-- Opening Marker --

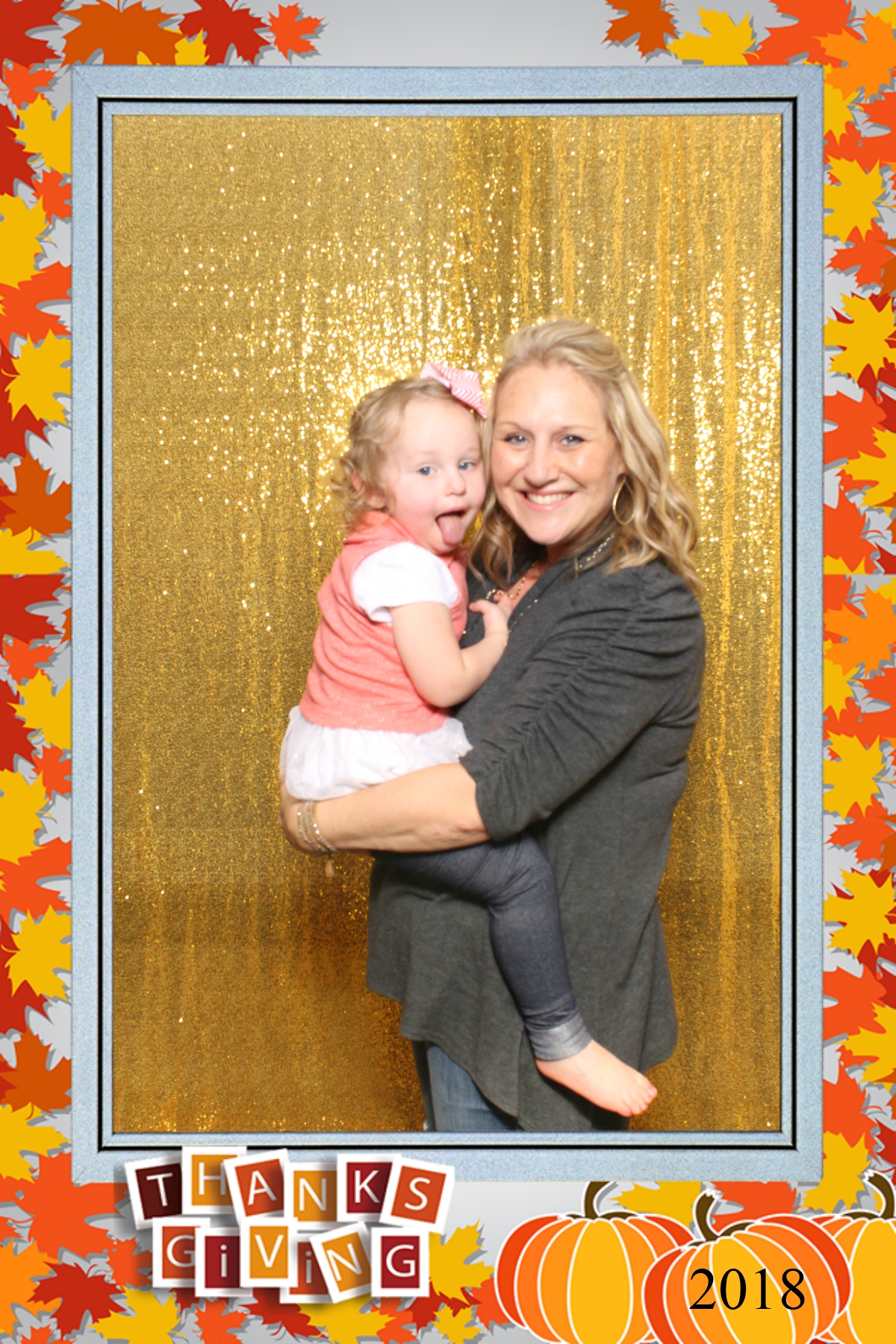 Thanksgiving 2018 | View more photos from the event at gallery.niknoxphotobox.com/u/NiKnox-Photo-Box/Thanksgiving-2018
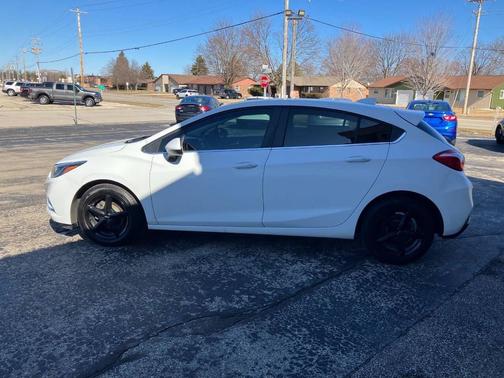 2017 Chevrolet Cruze LT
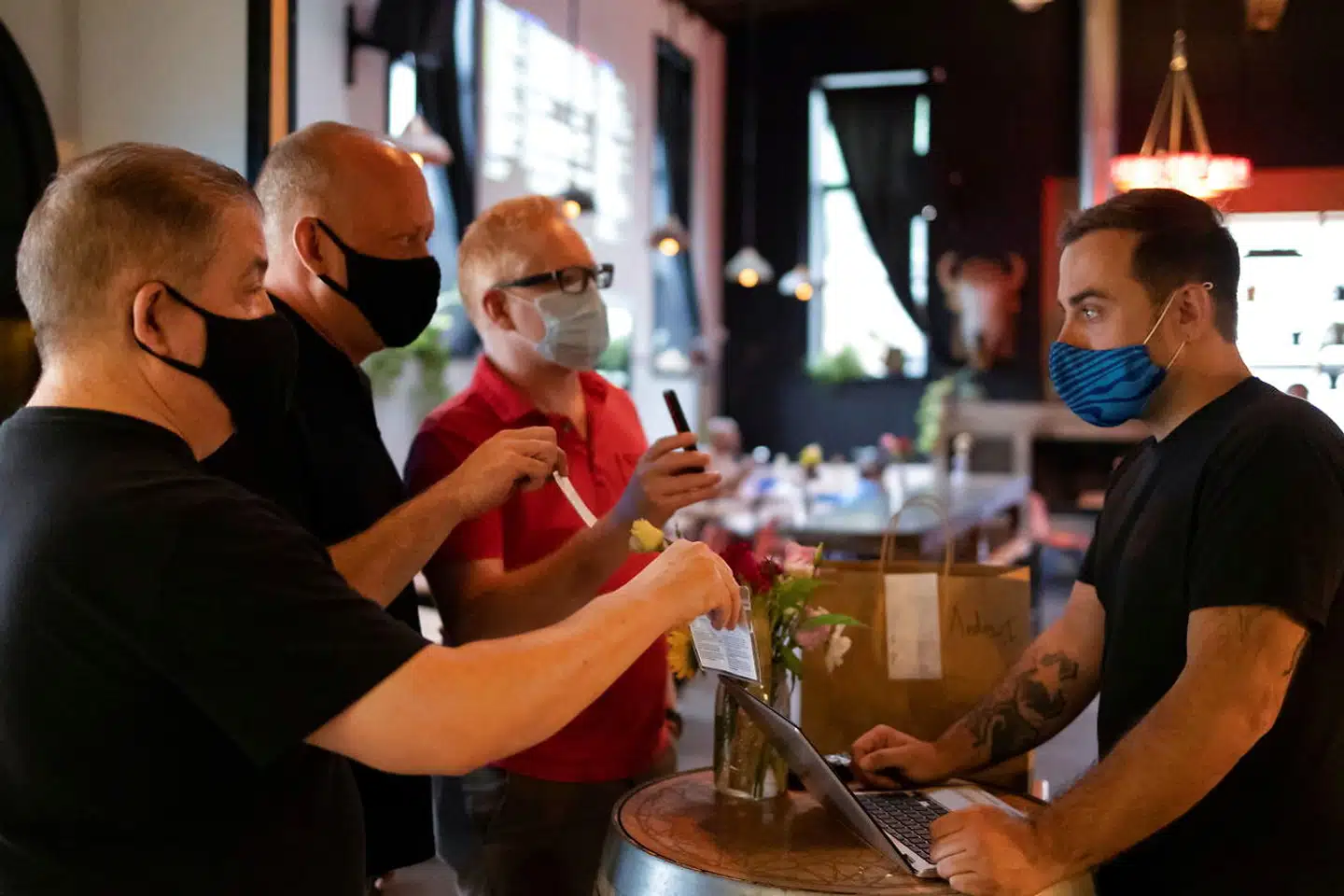 Flere indendørssteder i USA kræver nu bevis på vaccination, før kunderne kan lukkes ind.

-- Closing Marker --

Task brief
Set the listing down again exactly, skipping each picture.

Task output
 Thanksgiving 2018 | View more photos from the event at gallery.niknoxphotobox.com/u/NiKnox-Photo-Box/Thanksgiving-2018
 2017 Chevrolet Cruze LT
 Flere indendørssteder i USA kræver nu bevis på vaccination, før kunderne kan lukkes ind.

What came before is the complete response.